Austrian chancellor Werner Faymann resigned on Monday, two weeks after his Social Democratic Party’s candidate placed a distant fourth in the presidential election.
Faymann, who governed for nearly eight years at the head of a grand coalition with the conservatives, recognized that his own party had lost faith in him, saying, “The government needs a new start.”
But unless his successor — who can be named by the parties without the need for snap elections — makes a clearer choice as to where the Social Democrats stand, he or she may not do much better in stemming the party’s declining popularity.
Faymann’s downfall was triggered by the migrant crisis that has bedeviled leaders across Europe.
Faymann tried to have it both ways. He first sided with his German counterpart, Angela Merkel, to allow hundreds of thousands of refugees to enter Europe, many of them through Austria. But when public opposition mounted, he reinstated border controls and made a pact with neighboring Balkan countries to slow the influx.
The reversal angered Faymann’s left-wing supporters and was too little, too late to stop Norbert Hofer, the Freedom Party candidate, taking 35 percent of the vote in the first round of the presidential election last month, the highest the nationalists have ever got.
Hofer may yet be defeated in the second voting round this month if centrist and left-wing voters unite behind the Green party candidate.
But the longer-term trends that have manifested themselves in Austria’s immigration debate do not bode well for Faymann’s party.
The dilemma of Austria’s Social Democrats can be understood within the context of what Andrew Sullivan, a British blogger, has called Europe’s “red-blue culture war” over modernity. I argued here last month that this conflict is playing out inside traditionally pro-worker, center-left parties.

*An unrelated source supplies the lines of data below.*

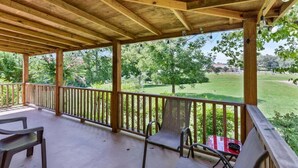 A covered patio with wooden beams, a wooden railing, and a view of a green landscape with trees and a golf course.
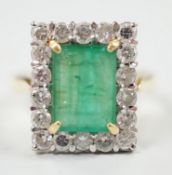 A modern 18ct gold, emerald and diamond set rectangular cluster ring, size Q, gross weight 6.4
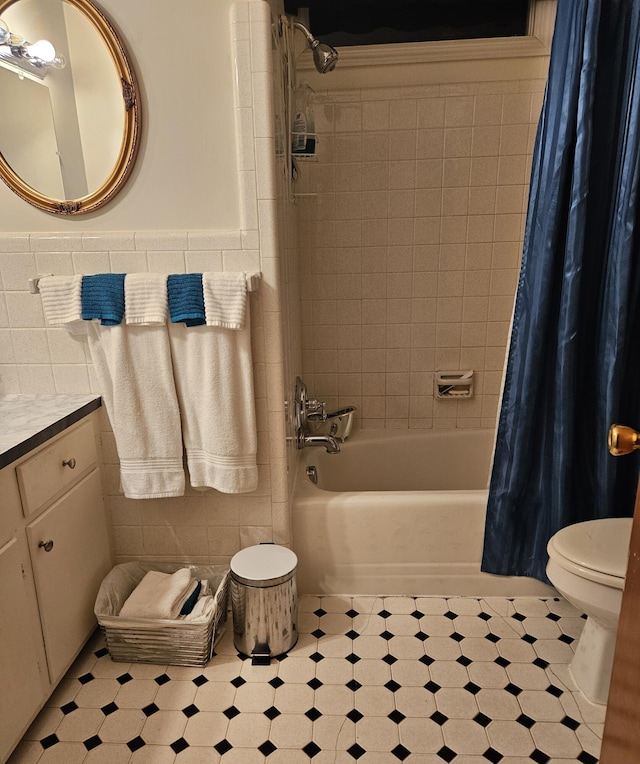 full bathroom with vanity, shower / bath combination with curtain, toilet, and tile walls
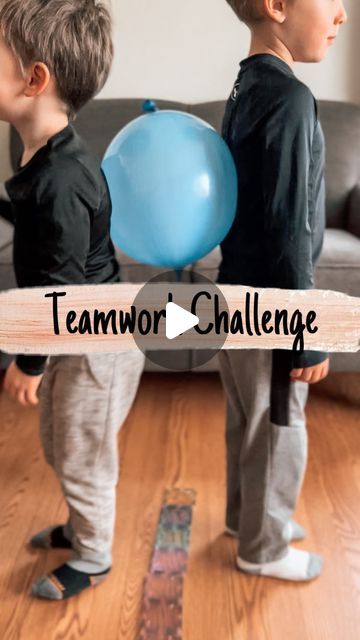 two young boys standing in front of a couch with balloons and the words teamwork challenge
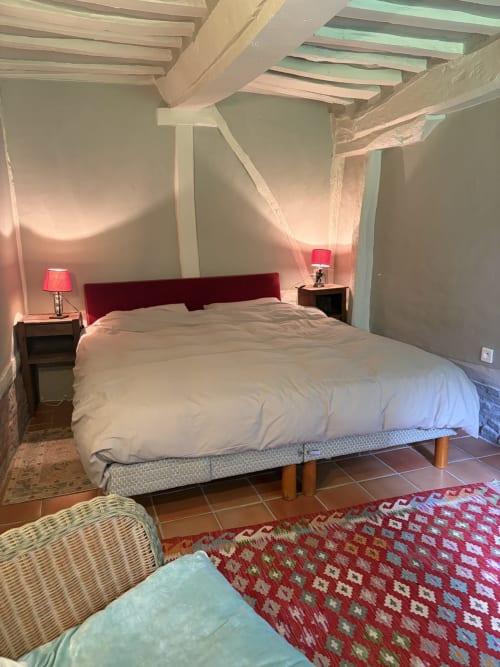 Chambre mansardée douillette avec tête de lit en velours rouge, poutres apparentes et ambiance chaleureuse à la villa Mon Week End A La Mer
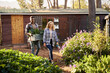 © StratfordProductions - Young multiracial couple in checked shirts walking with harvest through plant nursery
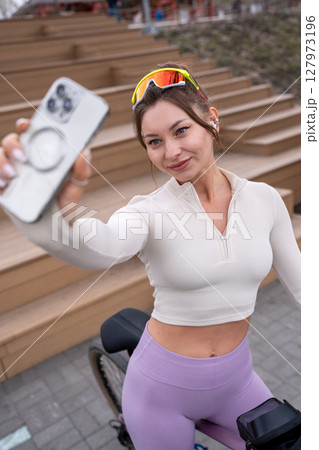 Stylish and Sporty Young Woman is Joyfully Taking a Fun Selfie While Riding Her Bicycle Stylish and Sporty Young Woman is Joyfully Taking a Fun Selfie While Riding Her Bicycle 127973196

“Red” voters — patriotic, more traditional, more sympathetic to faith, more comfortable in a homogeneous society — for decades tolerated the social liberalism and pro-Europeanism of their “blue” party leaders in return for policies that helped them, like the minimum wage, pensions and unemployment insurance.

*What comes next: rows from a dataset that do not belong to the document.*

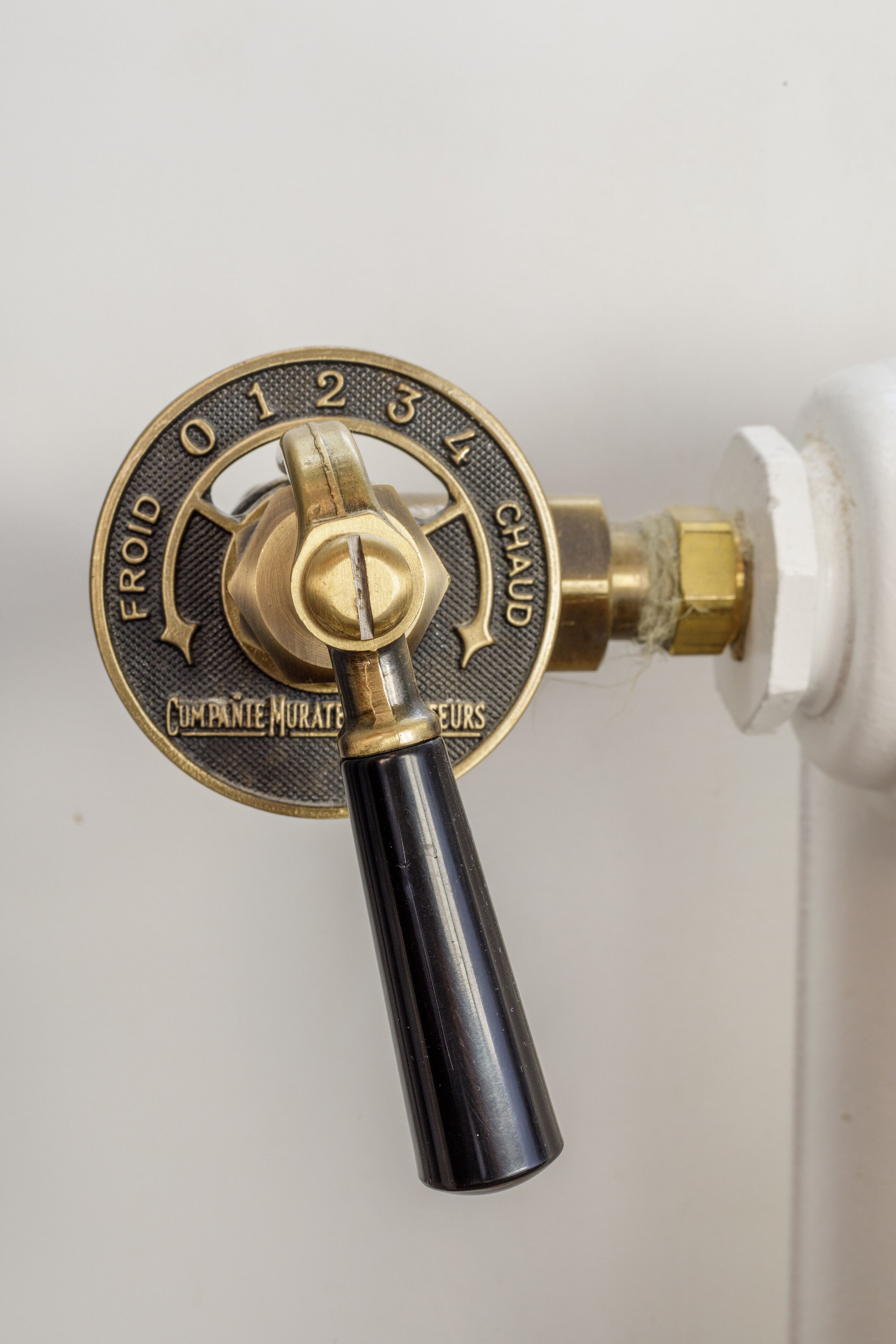 Une serrure en laiton avec un bouton noir, un mur blanc et un robinet en laiton.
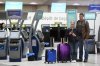 Passengers are seen in the WestJet check-in area at Pearson International Airport, in Toronto, Saturday, June 29, 2024. THE CANADIAN PRESS/Christopher Katsarov
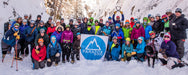 Group of Paradox Sports climbers holding the Paradox Sports Flag at the Ouray Ice Trip.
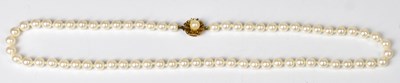 Lot 823 - A single-strand pearl necklace set with a gold-...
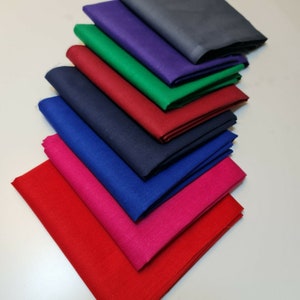 Può includere: Un mucchio di otto quadrati di tessuto di diversi colori, tra cui rosso, blu, verde, viola e blu navy. I quadrati di tessuto sono piegati a metà e impilati uno sopra l'altro.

Now that the welfare state is complete, or even in retreat, social democratic leaders can no longer hold up their end of the bargain.
What’s happening in Austria is happening across Northern and Western Europe.

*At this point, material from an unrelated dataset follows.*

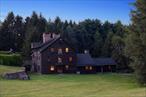 For the first time in history, Mill Farm â€” Spanning more than 2, 000 contiguous acres in Ancramdale, New York, â€” is being offered to the market. Almost all of the farm is surrounded by thousands of acres of adjacent protected conservation land, making it the only 2, 000-acre working farm in the region, ensuring a level of privacy and ecological integrity that cannot be duplicated. Steeped in history, The Mill House dates back to the Revolutionary War era and the Livingston family, and is the conversion of the famed Grist Mill â€œDefiance, â€ a rare surviving landmark of early American industry that established the regionâ€™s first foundation of commerce. At its core is the Mill House, an approximately 5, 600-square-foot architectural treasure set directly on the Punch Brook Stream, where the water flows through the home itself to power its historic hydro turbine mill system. There is a waterfall set close to the Mill House that is an ever present living feature of the environs, as it is closely visible from nearly every room. Adjacent, the former Mill Keeperâ€™s House has been reimagined as a private movie theatre, blending centuries-old character with modern indulgence. Crest Lane, an approximately 3, 500-square-foot masterpiece, stands as a second architectural jewel, featuring a windowed living room with sweeping views across the valley. Beyond these primary residences, the property includes 8 single-family homes, including four newly renovated cottages, each on its own deeded parcel, offering unmatched flexibility for family, guests, or future investment. The two main residences, the Mill House and Crest Lane, are connected by a three-mile internal gravel road system. The land itself is a defining asset. This is arguably the largest working farm within two hours of New York City, with organic-certified hay production, fertile valley floors, and rising elevations to both the east and west that frame extraordinary views. Rare 18th-century barns, including a remarkable Dutch Barn, stand as enduring testaments to Americaâ€™s agrarian history. An active windmill system still feeds water to various points across the farm, while aquifers and tributaries ensure abundant water availability. Recreational and ecological value are equally profound. The farm contains more than 18 miles of perfected, drivable trails that interconnect every corner of the property, creating a network for horse riding, exploration, and access to resources. Three miles of the untouched Punch Brook, a designated New York State trout stream, run through the propertyâ€”a pristine waterway under private stewardship. The farm is also home to documented bobcat habitats and study areas in partnership with Panthera.org. Its eastern boundary adjoins a vast conservation bird sanctuary, ensuring uninterrupted natural surroundings and extending the feeling of total seclusion for thousands of acres in every direction. Mill Farm uniquely combines agricultural productivity, historical resonance, and ecological significance. With its unmatched scale, legacy, and proximity to New York City, it represents an opportunity that exists nowhere else in the Northeast â€” a living landmark, never before available on the open market.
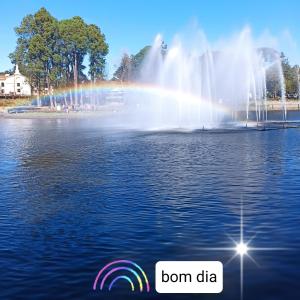 a fountain with a rainbow in the water with the words born data at Centro de Gramado in Gramado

Working-class voters are flocking to nationalists on the right who promise to protect the welfare state from immigrants and globalization.
Middle-class voters with relaxed social views are drawn to either increasingly moderate center-right parties or, in the case of Austria and Germany, Green parties that have become more pragmatic in recent years but without appearing unscrupulous.
The social democrats’ position in the middle has become untenable. The longer they refuse to take sides in the “culture war”, the more supporters they will disappoint.